1924-1953: An endurance Grand Prix

The managers of the Royal Automobile Club of Belgium, aware of the importance of organizing their own Endurance Grand-Prix, build up their first 24 Hours of Belgium. This race was a test for the production of the Belgian manufacturers willing to meet the challenge against the foreign competitors.

1964-1988: The ordinary everyday car!

The rebirth, and in the meantime, the creation of the ‘modern’ 24 Hours of Spa in 1964 was the direct consequence of the growing popularity for touring car races. In the Golden Sixties, the automobile reigned supreme and the importers or manufacturers’ representatives understood the advantages of those races, which where seen as successful advertising campaigns for everyday cars.

1989-2010: From Touring to Grand Touring

After the cancellation of the European Touring Car Championship in 1988, the organizers were no longer able to rely on an existing championship, so there no longer was a uniform rulebook able to guarantee a quality field. From then on, the organizers looked endlessly for the ideal format, sometimes typically Belgian, bringing a new energy to the event. The solution came in 2001, when the SRO Motorsports Group included the race in the FIA GT championship. From now on the big and powerful GT’s would rule Spa.

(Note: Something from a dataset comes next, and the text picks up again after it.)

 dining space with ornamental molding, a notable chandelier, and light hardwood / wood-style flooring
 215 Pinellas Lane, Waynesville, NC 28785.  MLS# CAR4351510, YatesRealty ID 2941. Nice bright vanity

2011-...: Crown jewel of a new championship

After the cancellation of the FIA GT championship in 2009 there were some dark clouds gathering over Spa, but a solution was at hand: from 2011 the Total 24 Hours of Spa became the headliner of the Blancpain Endurance Series, a new initiative of the SRO Motorsports Goup. The new championship is reserved for GT3-cars and has an enormous success, resulting in 60-car starting grids. In 2015 SRO creates the Blancpain GT Series, combining endurance and sprint races. The Total 24 Hours of Spa remains the blue chip event of the new series, and sees its status confirmed when in 2016 it is included in the new Intercontinental GT Challenge, the first truly global GT3 championship.